Understanding rebuilds
----------------------

As packages are processed in order (based off of detected dependencies, if any),
each package will go through their respective stages: fetching, extraction,
patching, configuration, building and installation. While a package may not take
advantage of each stage, the releng-tool will step through each stage to track
its progress. Due to the vast number of ways a package can be defined, the
ability for releng-tool to determine when a previously executed stage is "stale"
is non-trivial. Instead of attempting to manage "stale" package stages,
releng-tool leaves the responsibility to the builder to deal with these
scenarios. This idea is important for developers to understand how it is
possible to perform rebuilds of packages to avoid a full rebuild of the entire
project.

Consider the following example: a project has three packages ``module-a``,
``module-b`` and ``module-c`` which are C++-based.
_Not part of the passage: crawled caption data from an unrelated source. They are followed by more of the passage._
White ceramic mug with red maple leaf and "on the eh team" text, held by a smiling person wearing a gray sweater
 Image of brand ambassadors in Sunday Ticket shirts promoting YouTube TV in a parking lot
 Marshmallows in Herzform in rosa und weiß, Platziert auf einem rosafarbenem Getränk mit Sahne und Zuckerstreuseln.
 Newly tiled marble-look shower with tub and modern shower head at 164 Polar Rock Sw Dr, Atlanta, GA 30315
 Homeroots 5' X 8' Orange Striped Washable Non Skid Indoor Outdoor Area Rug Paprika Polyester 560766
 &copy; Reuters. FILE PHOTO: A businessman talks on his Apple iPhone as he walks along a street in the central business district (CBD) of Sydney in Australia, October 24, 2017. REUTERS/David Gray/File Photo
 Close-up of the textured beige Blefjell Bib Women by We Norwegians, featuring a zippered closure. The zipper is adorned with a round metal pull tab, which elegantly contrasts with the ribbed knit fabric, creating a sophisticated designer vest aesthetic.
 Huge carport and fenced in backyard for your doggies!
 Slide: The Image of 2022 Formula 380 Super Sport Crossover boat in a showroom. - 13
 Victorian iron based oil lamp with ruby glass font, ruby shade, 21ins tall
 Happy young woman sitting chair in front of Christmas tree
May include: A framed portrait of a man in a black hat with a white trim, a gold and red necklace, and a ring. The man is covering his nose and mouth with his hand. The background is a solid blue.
For this example, project
``module-b`` depends on ``module-a`` and project ``module-c`` depends on
``module-b``; therefore, releng-tool will process packages in the order
``module-a -> module-b -> module-c``. In this example, the project is building
until a failure is detected in package ``module-c``:

.. code-block:: shell-session

   $ releng-tool
   [module-a built]
   [module-b built]
   [error in module-c]

A developer notices that it is due to an issue found in ``module-b``; however,
instead of attempting to redo everything from a fresh start, the developer
wishes to test the process by manually making the change in ``module-b`` to
complete the build process. The developer makes the change, re-invokes
``releng-tool`` but still notices the build error occurs:

.. code-block:: shell-session

   $ releng-tool
   [error in module-c]

The issue here is that since ``module-b`` has already been processed, none of
the interim changes made will be available for ``module-c`` to use. To take
advantage of the new implementation in ``module-b``, the builder can signal for
the updated package to be rebuilt:

.. code-block:: shell-session

   $ releng-tool module-b-rebuild
   [module-b rebuilt]

With ``module-b`` in a more desired state, a re-invoke of ``releng-tool`` could
allow ``module-c`` to be built.

.. code-block:: shell-session

   $ releng-tool
   [module-c built]

This is a very simple example to consider, and attempts to rebuild can vary
based on the packages, changes and languages used.